Iran's President Hassan Rouhani Saturday accused Israel of acting as a "mercenary" for the US and seeking to create chaos, blaming it for the assassination of a top Iranian nuclear scientist.
Rouhani vowed a response "in due time", pledging his country will not fall into a "trap" and alluding to changing power dynamics in the wake of the US election, while Ayatollah Ali Khamenei called for the "punishing (of) the perpetrators and those responsible" for the killing.
Mohsen Fakhrizadeh was "martyred" after being seriously wounded when assailants targeted his car and engaged in a gunfight with his bodyguards outside the capital Tehran on Friday, according to Iran's defence ministry.
"The nation of Iran is smarter than to fall in the trap of the conspiracy set by the Zionists," Rouhani said in televised remarks.
"They are thinking of creating chaos, but they should know that we have read their hands and they will not succeed," Iran's president said, after earlier pinning the blame for the killing on "the wicked hands of the global arrogance, with the usurper Zionist regime as the mercenary".
"This barbaric assassination shows that our enemies are in stressful weeks, during which they feel... their pressure declining, the global situation changing," the Iranian president added.
The assassination of Fakhrizadeh comes less than two months before US President-elect Joe Biden is to take office, after defeating Trump in elections earlier this month.
Biden was vice-president under Barack Obama when the Iran nuclear deal was agreed in 2015, and he has promised a return to diplomacy with Iran.
"Iran's enemies should know, that the people of Iran and officials are braver than to leave this criminal act unanswered," Rouhani added, talking at Iran's weekly Covid-19 taskforce meeting.
"In due time, they will answer for this crime."
A little later, Iran's supreme leader Ali Khamenei called for "following up on this crime and certainly punishing the perpetrators and those responsible," in a short statement on his official website.
Khamenei also called for a continuation of Fakhrizadeh's "scientific and technical efforts ... in all of the fields he was working in."
The defence ministry said that Fakhrizadeh, who headed its reasearch and innovation organisation, died after medics failed to revive him.
Iran's foreign minister Mohammad Javad Zarif said on Friday that there were "serious indications of an Israeli role" in the assassination.
The United States slapped sanctions on Fakhrizadeh in 2008 for "activities and transactions that contributed to the development of Iran's nuclear programme", and Israeli Prime Minister Benjamin Netanyahu once described him as the father of Iran's nuclear weapons programme.
Fakhrizadeh was targeted while travelling near Absard city in Tehran province's eastern Damavand county.
The New York Times said an American official and two other intelligence officials confirmed Israel was behind the attack, without giving further details.

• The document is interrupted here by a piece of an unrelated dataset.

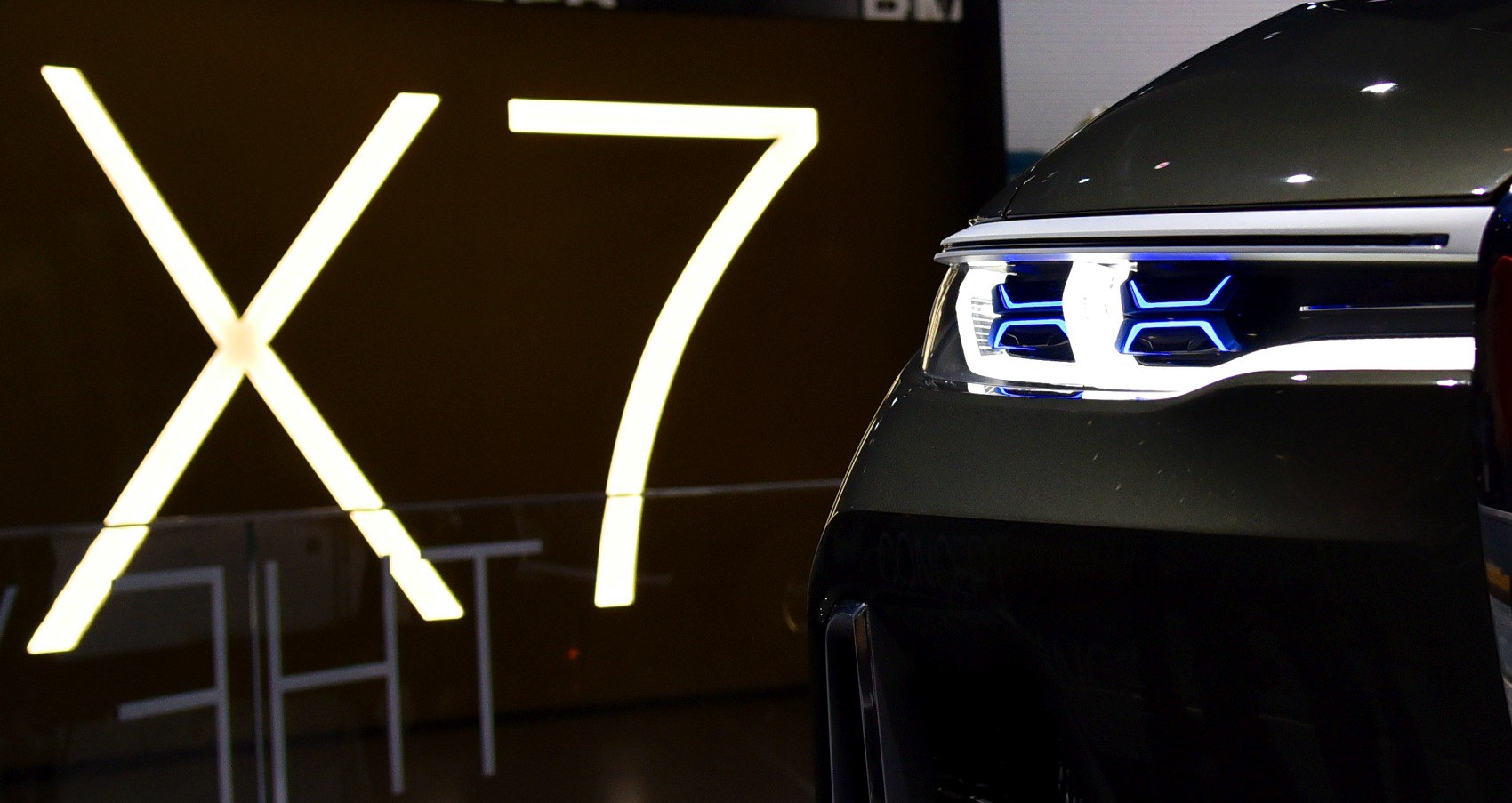 Close-up of front blue LED headlights with sleek grille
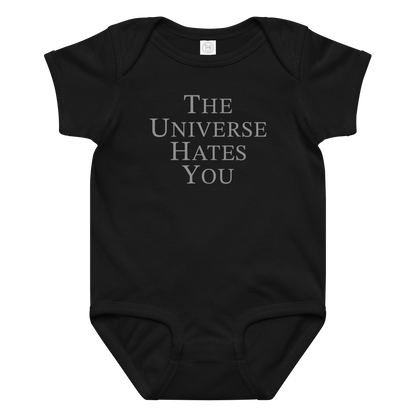 "The Universe Hates You" printed on a black baby jersey bodysuit laying on a flat surface amongst other clothes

Lebanon's Hezbollah said early Saturday that it "strongly" condemned the "terrorist operation that led to the martyrdom" of Fakhrizadeh.
The killing of Fakhrizadeh is the latest in a series of killings of nuclear scientists in Iran in recent years that the Islamic republic has blamed on Israel.
The scientist was on the front page of nearly all Saturday morning papers in Iran, with the two main political factions offering different takes.
Former CIA director John Brennan warned on Friday the assassination risked sparking a wider conflagration in the Middle East.
"This was a criminal act and highly reckless. It risks lethal retaliation and a new round of regional conflict," Brennan tweeted.